The origin of this celebration, also known as the Festival of Lights, occurred during the Syrian rule over Israel and in the reign of Antiochus Epiphanes in the year 165 BC. The event which is recorded in the book of Maccabees in the Apocrypha tells of the desecration of the Temple when a sow was offered on the altar and Jews were compelled to worship Zeus.

At a village called Mod'in in the Judean hill country the Maccabean family organized a revolt against Syrian tyranny and after a series of brilliantly led campaigns they recaptured Jerusalem and cleansed the temple of all that had defiled it. On 25th Kislev (corresponding to December) the Temple was rededicated to the worship of the God of Israel but only one cruse of oil, sufficient for only one day's burning, was found to relight the Menorah, the seven-branched candelabrum that stood in the Holy Place. To the priest's astonishment the Menorah burned for eight days, during which time fresh supplies of oil were procured.

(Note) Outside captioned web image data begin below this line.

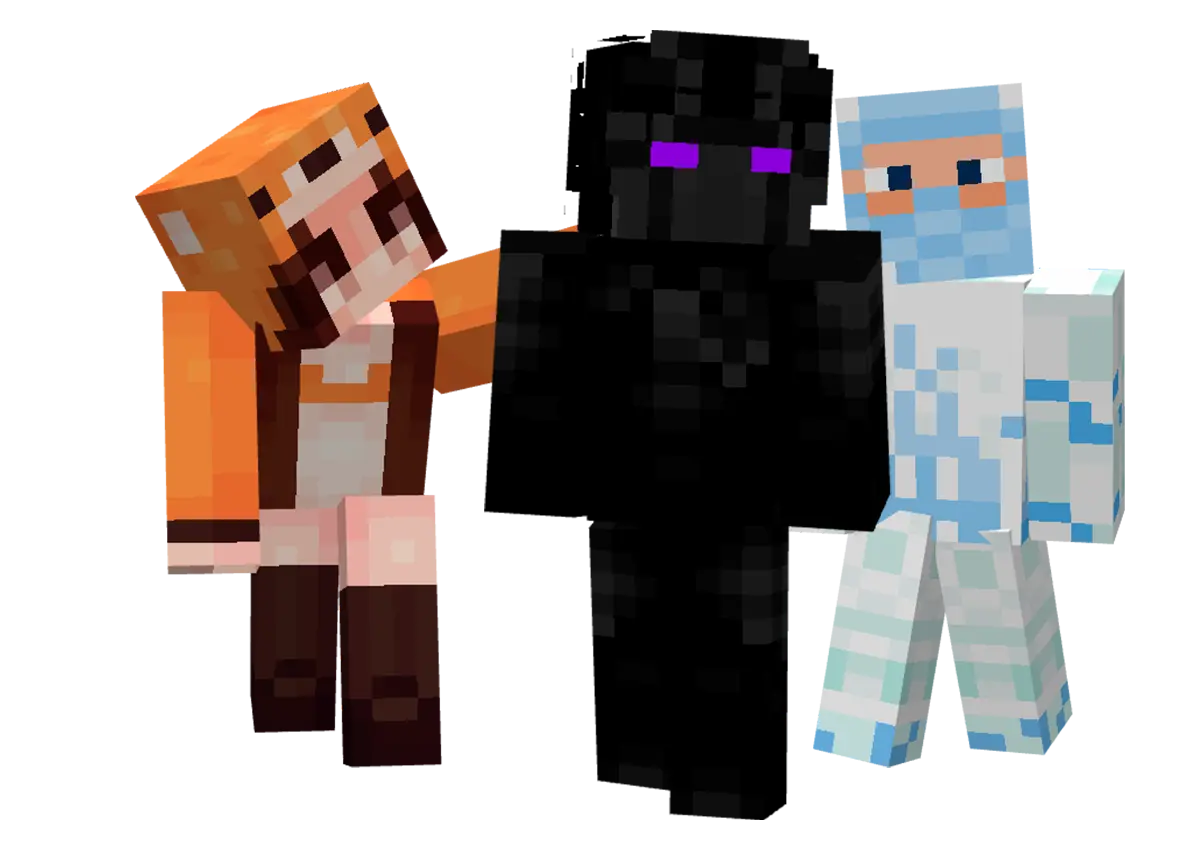 Форум Black-Minecraft.COM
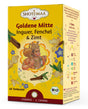 Bio Goldene Mitte Teemischung, 32 g - YOGISHOP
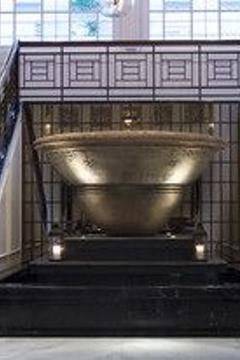 Отель The Hermitage, a Tribute Portfolio Hotel, Jakarta Индонезия, Джакарта, фото 74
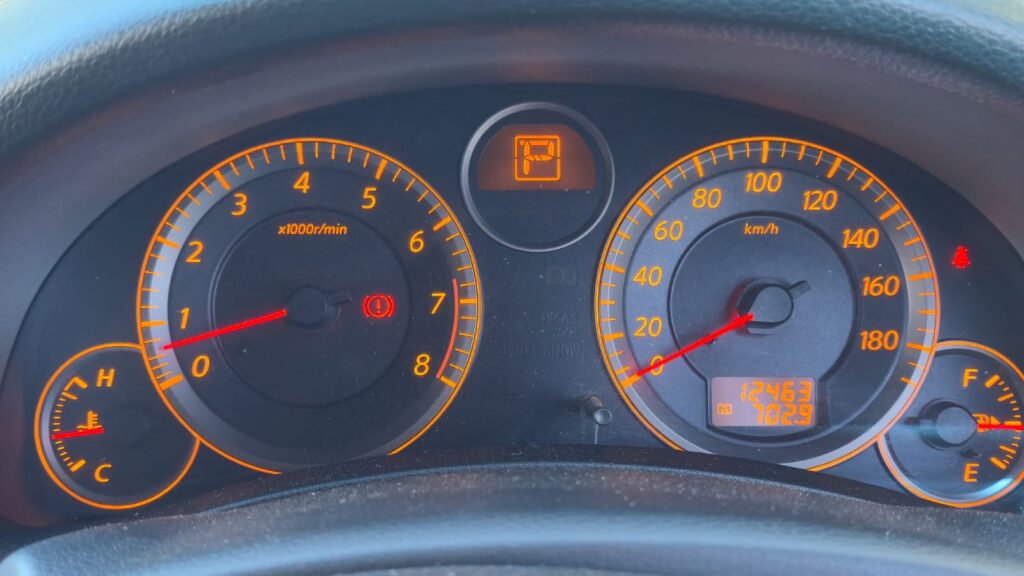 2004 Nissan Skyline 12,500km's, 1 owner, Stored Inside, LIKE NEW. $102PW NO Deposit Finance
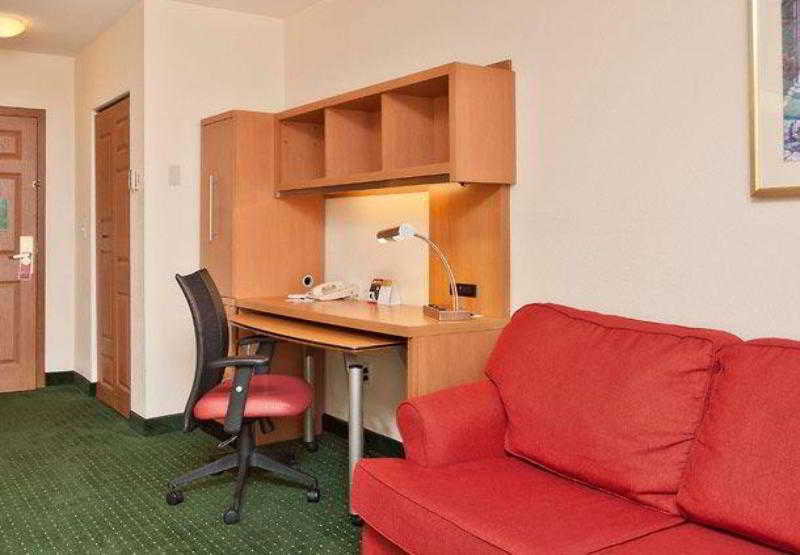 Towneplace Research Park 3*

Year after year the rededication of the Temple was observed as recorded in the New Testament until the Temple was destroyed by the Romans in 70 AD. Since then for centuries the event was commemorated by Jewish families in the Dispersion by placing eight oil lamps side by side and a lamp was lit each day until all eight were burning on the eighth day. When wax candles were introduced during the early nineteenth century the practice of using oil lamps was gradually replaced by the use of candles, and then the eight-branched Menorah which is so popular today was introduced.

This year Hannukah will be observed for eight days from December 12th as Jewish families round the world observe one of the most beautiful memorials, the Festival of Lights.